1 Verder maken wij u bekend, broeders, de genade van God die in de gemeenten van Macedonië gegeven is,
2 namelijk dat te midden van veel beproeving door verdrukking, de overvloed van hun blijdschap en hun buitengewoon diepe armoede in overvloedige mate geleid hebben tot de rijkdom van hun vrijgevigheid.
3 Want, zo getuig ik, zij gaven naar vermogen, ja, boven vermogen, en uit eigen beweging;
4 en zij smeekten ons met veel aandrang dat wij hun genadegave en aandeel in het dienstbetoon aan de heiligen zouden aannemen.
5 En zij deden niet alleen zoals wij gehoopt hadden, maar zij gaven zich eerst aan de Heere en daarna aan ons, door de wil van God.
6 Zo hebben wij dan Titus aangespoord dat hij, zoals hij eerder begonnen was, nu ook de inzameling van deze genadegave bij u zou voltooien.
7 Zo dan, zoals u in alles overvloedig bent, in geloof, en in woord, en in kennis, en met alle inzet, en in uw liefde tot ons, wees zo ook in deze genadegave overvloedig.

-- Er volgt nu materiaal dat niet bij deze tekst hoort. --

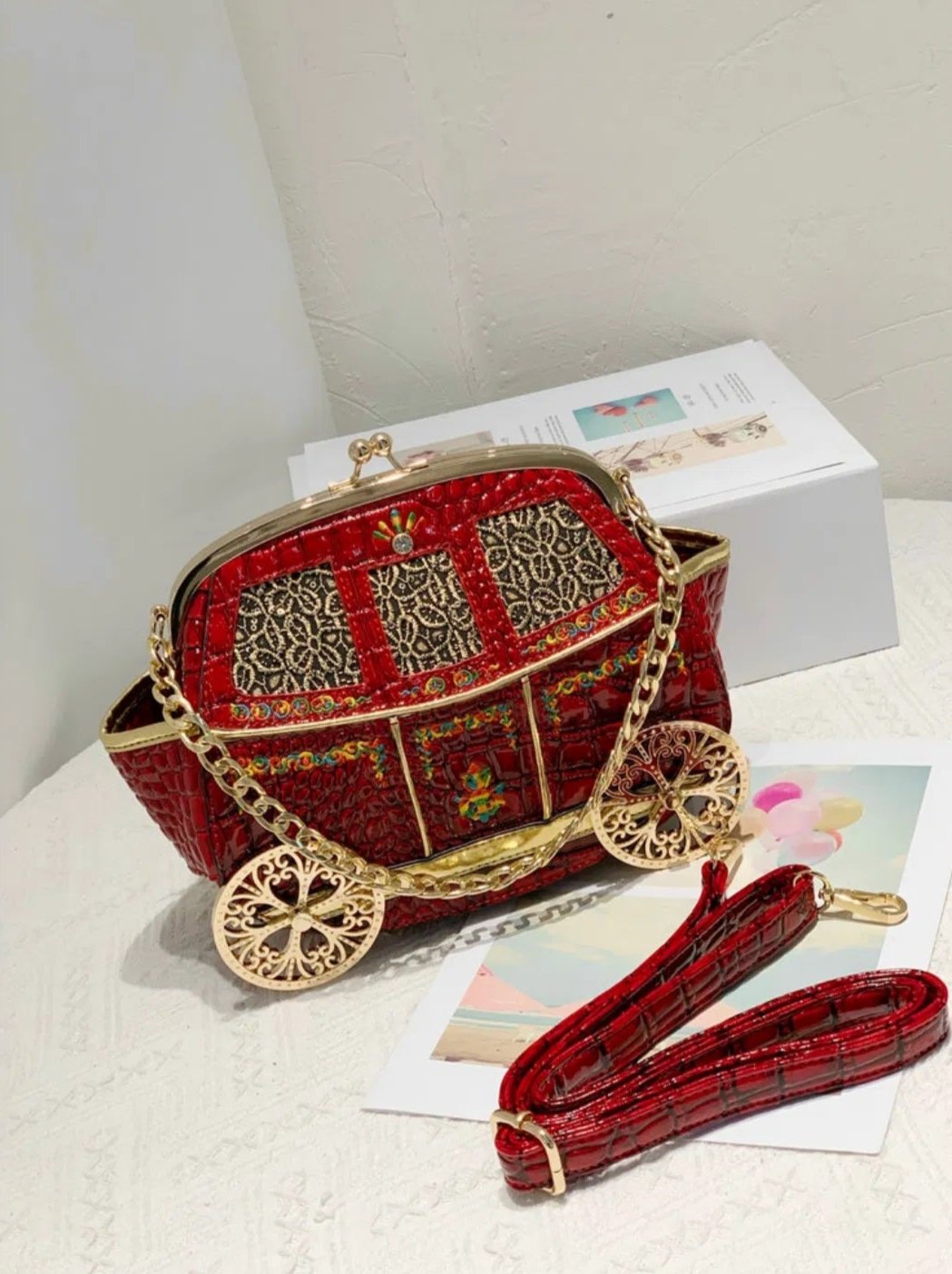 STATEMENT RETRO VEGAN LEATHER CROCODILE EFFECT GOLDEN RED CARRIAGE CLASP CROSS BODY RED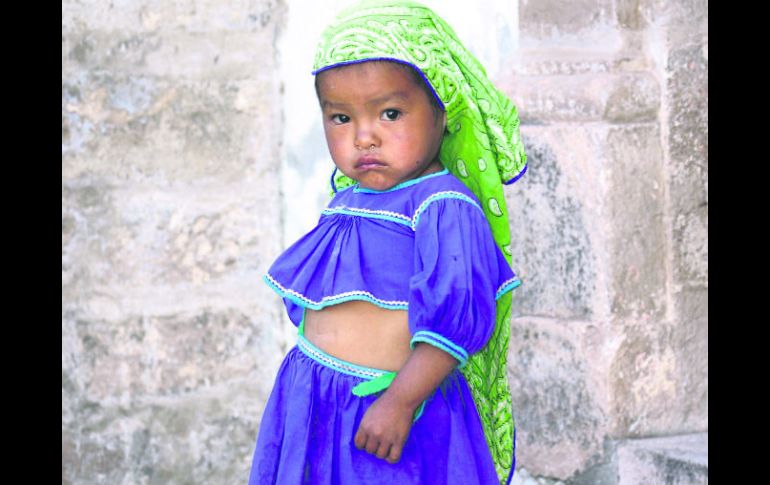 Inocencia. La mirada de esta bella niñita Cora, habla por sí misma de su corta historia. EL INFORMADOR / P. Fernández Somellera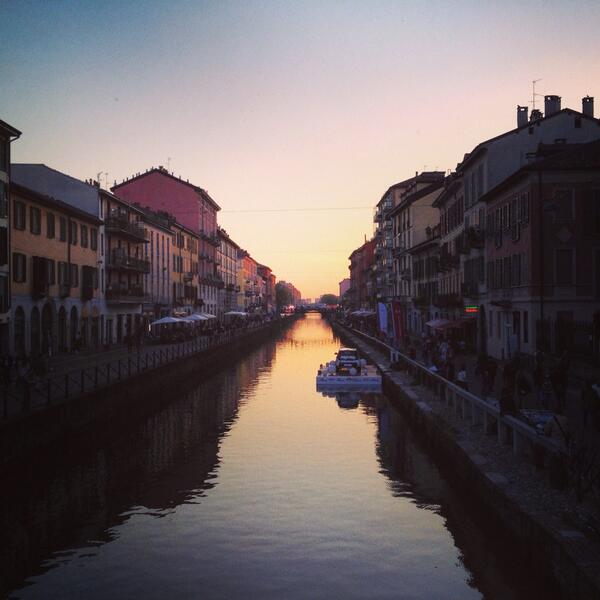 fra_neverland's tweet photo. Il #tramonto di ieri sul distretto dei #Navigli della #designweekmilano! @MilanoTweet #sdm2014 #fuorisalone #milano http://t.co/gJvx4qtO2c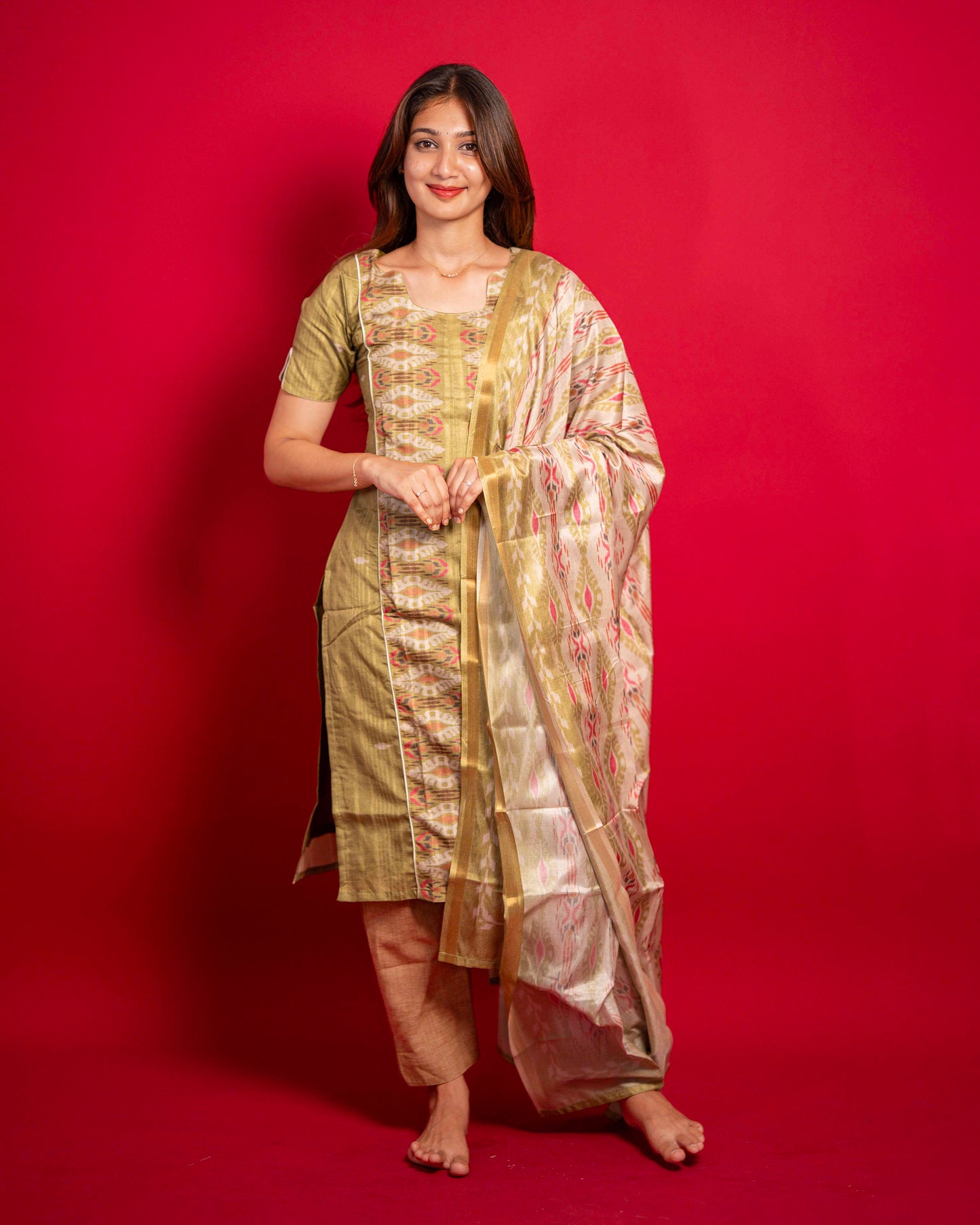 Mridu Gold Tussar Set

8 Ik zeg dit niet als bevel, maar om door de inzet van anderen ook de oprechtheid van uw liefde te beproeven.
9 Want u kent de genade van onze Heere Jezus Christus, dat Hij omwille van u arm is geworden, terwijl Hij rijk was, opdat u door Zijn armoede rijk zou worden.
10 Ik geef hierin dan ook slechts mijn mening, want dat is nuttig voor u, die niet alleen met het doen, maar ook met het willen reeds een jaar geleden begonnen bent.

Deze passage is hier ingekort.